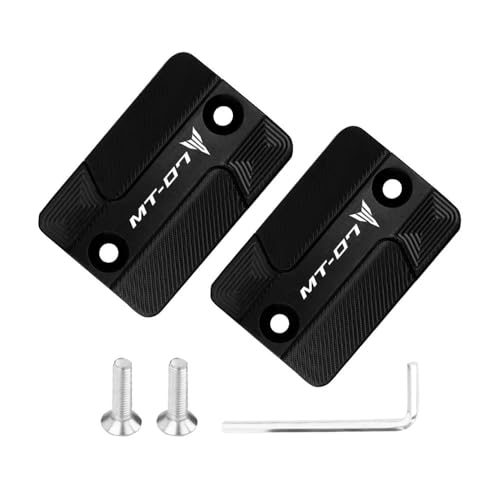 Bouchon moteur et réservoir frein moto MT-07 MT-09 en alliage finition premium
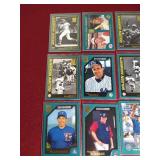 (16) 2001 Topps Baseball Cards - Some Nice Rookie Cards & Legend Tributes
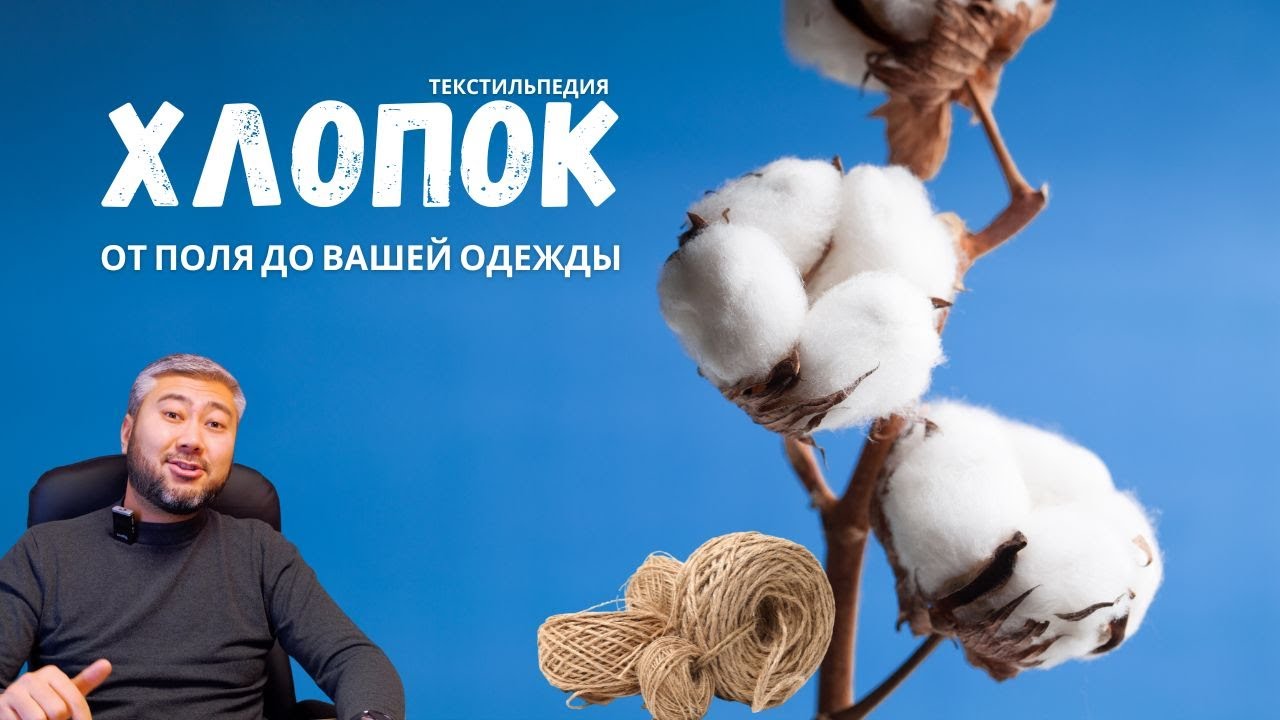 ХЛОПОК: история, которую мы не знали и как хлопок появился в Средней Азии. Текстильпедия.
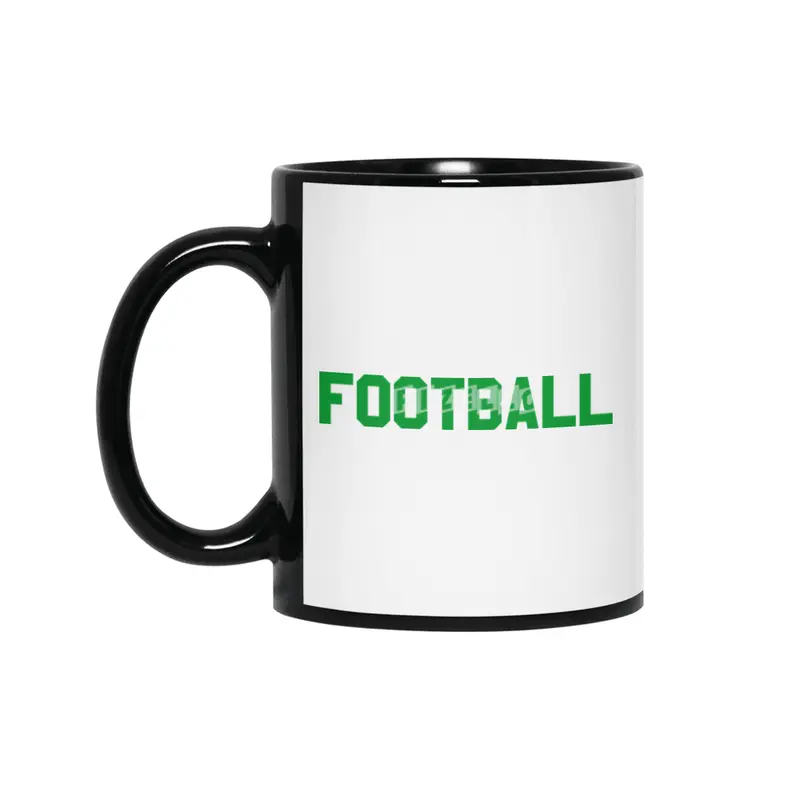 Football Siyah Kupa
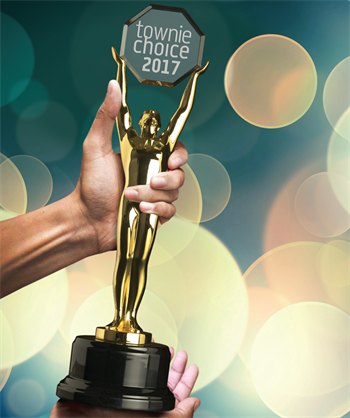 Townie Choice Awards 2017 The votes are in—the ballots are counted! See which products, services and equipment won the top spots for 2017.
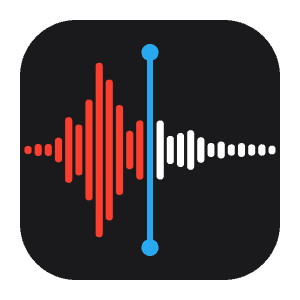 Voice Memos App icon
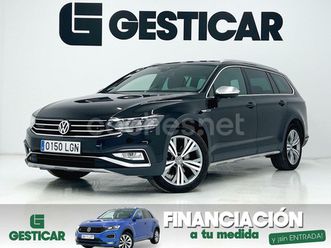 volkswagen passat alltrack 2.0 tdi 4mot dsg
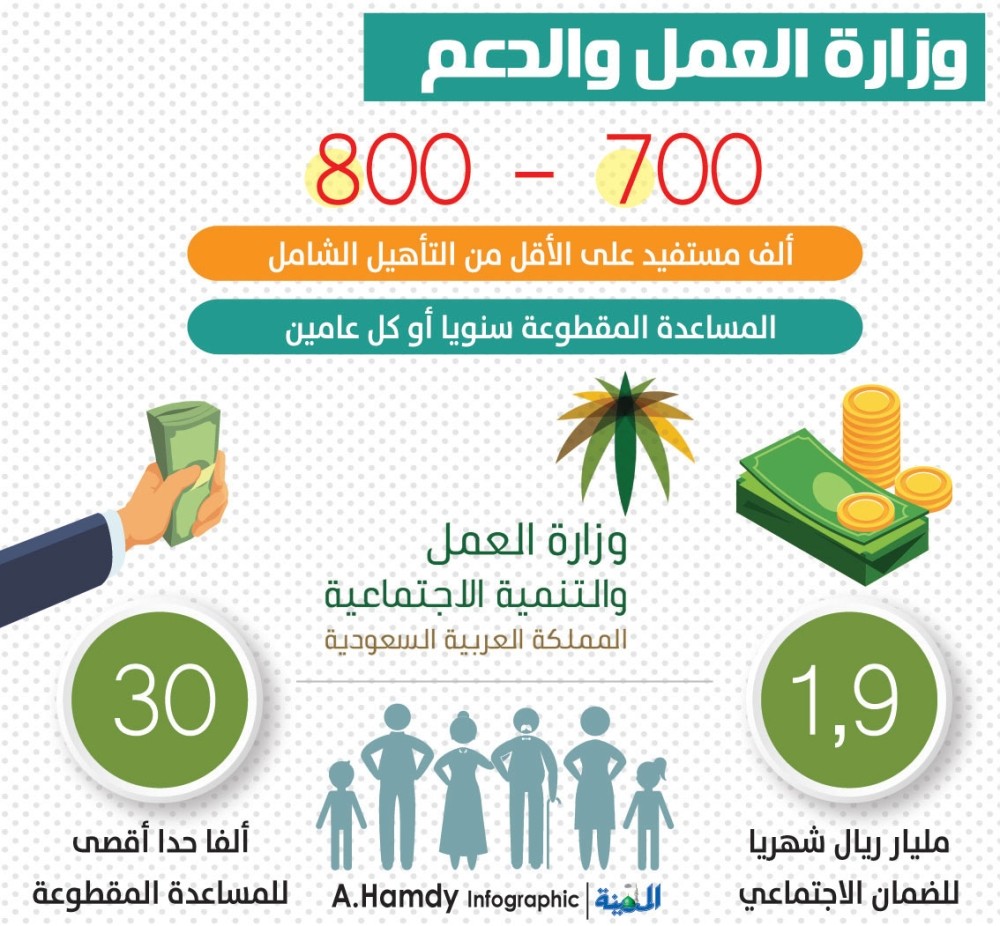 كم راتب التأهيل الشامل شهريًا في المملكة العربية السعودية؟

* * *

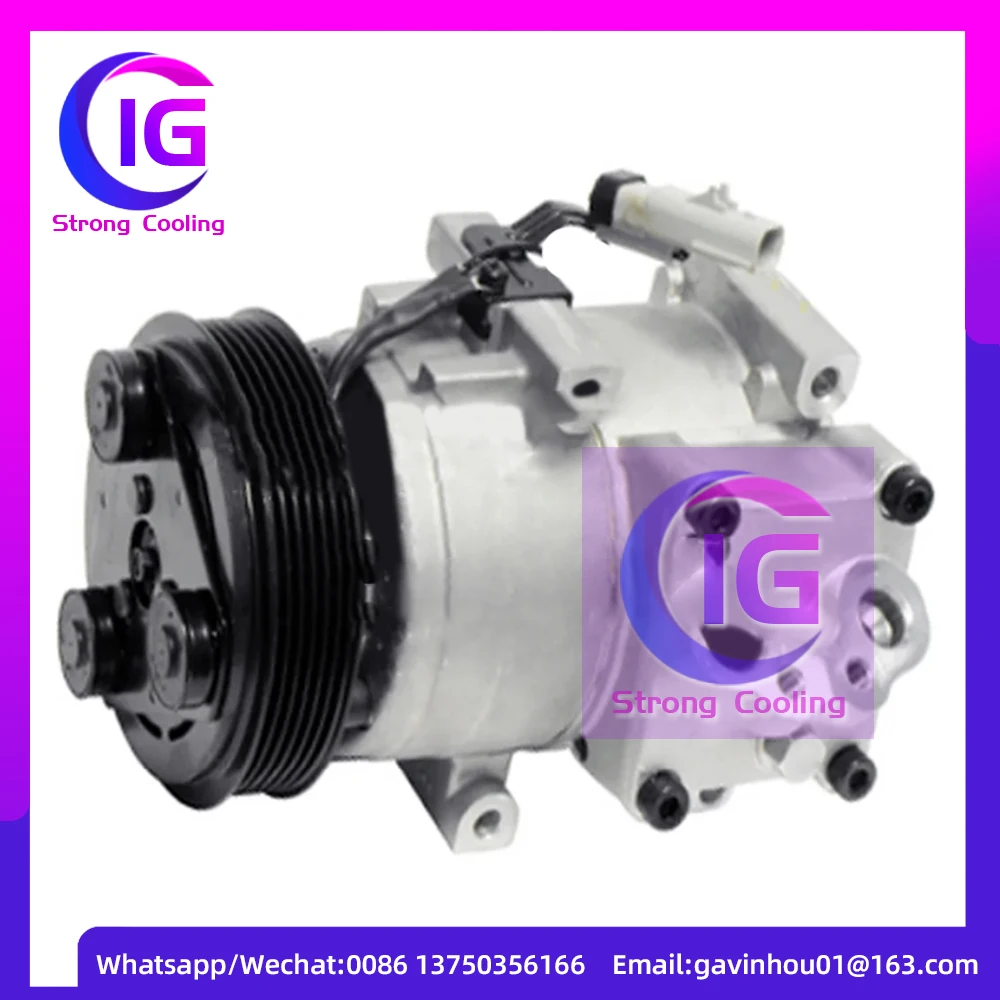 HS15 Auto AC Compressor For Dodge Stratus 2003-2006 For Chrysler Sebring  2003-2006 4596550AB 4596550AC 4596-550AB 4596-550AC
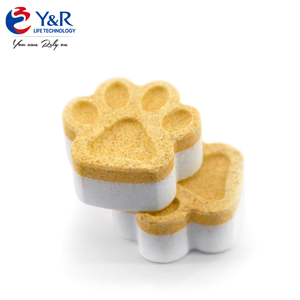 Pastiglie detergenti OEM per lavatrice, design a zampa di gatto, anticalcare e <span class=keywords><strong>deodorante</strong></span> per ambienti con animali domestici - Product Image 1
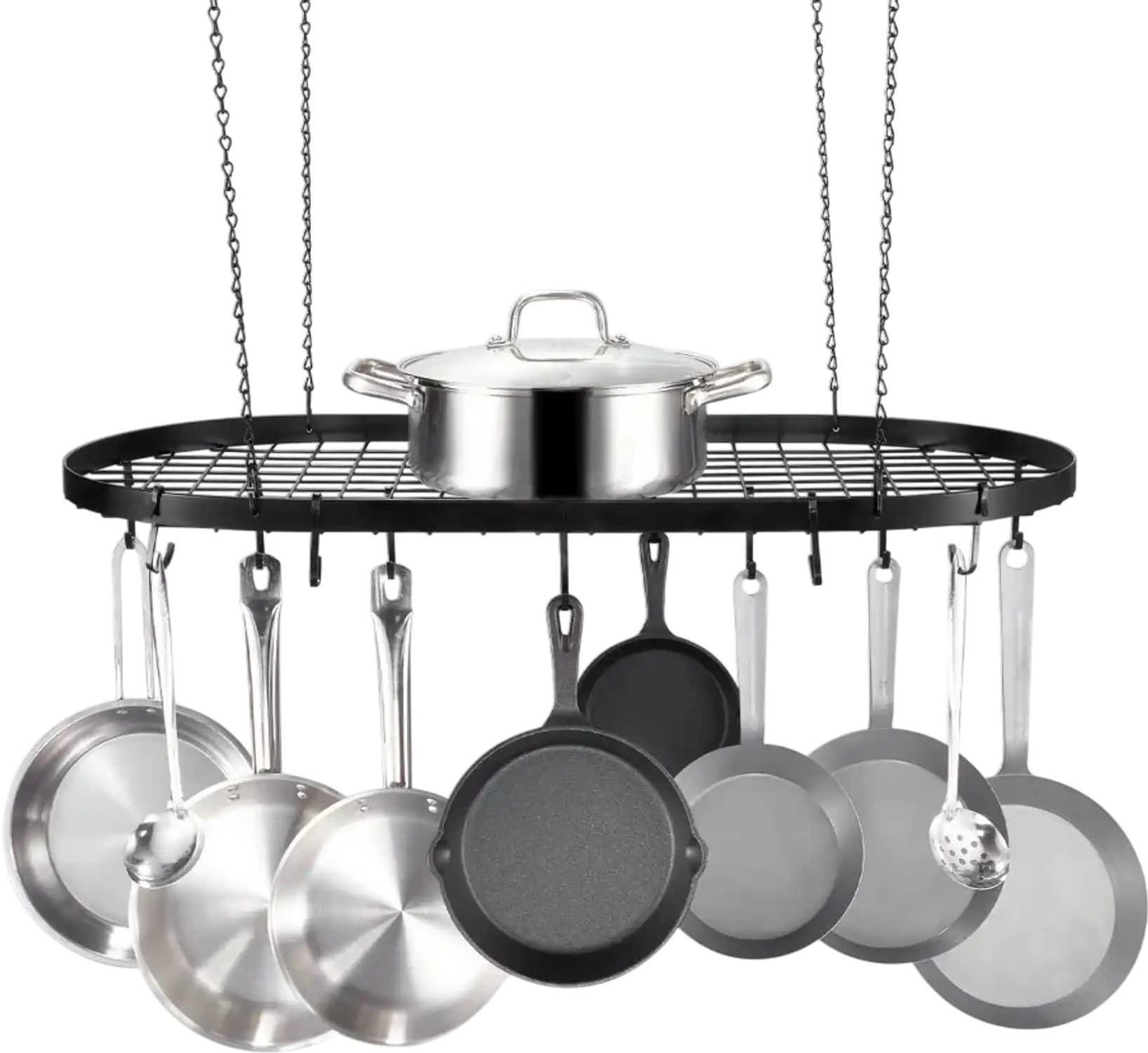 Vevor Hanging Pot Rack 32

* * *

WHAT THIS TASK INVOLVES: Keep to the lines above from the line with "Bouchon moteur et" to the line with "كم راتب التأهيل", and set down exactly those, inclusive, with nothing else and every picture left out.

EXERCISE OUTPUT:
 Bouchon moteur et réservoir frein moto MT-07 MT-09 en alliage finition premium
 (16) 2001 Topps Baseball Cards - Some Nice Rookie Cards & Legend Tributes
 ХЛОПОК: история, которую мы не знали и как хлопок появился в Средней Азии. Текстильпедия.
 Football Siyah Kupa
 Townie Choice Awards 2017 The votes are in—the ballots are counted! See which products, services and equipment won the top spots for 2017.
 Voice Memos App icon
 volkswagen passat alltrack 2.0 tdi 4mot dsg
 كم راتب التأهيل الشامل شهريًا في المملكة العربية السعودية؟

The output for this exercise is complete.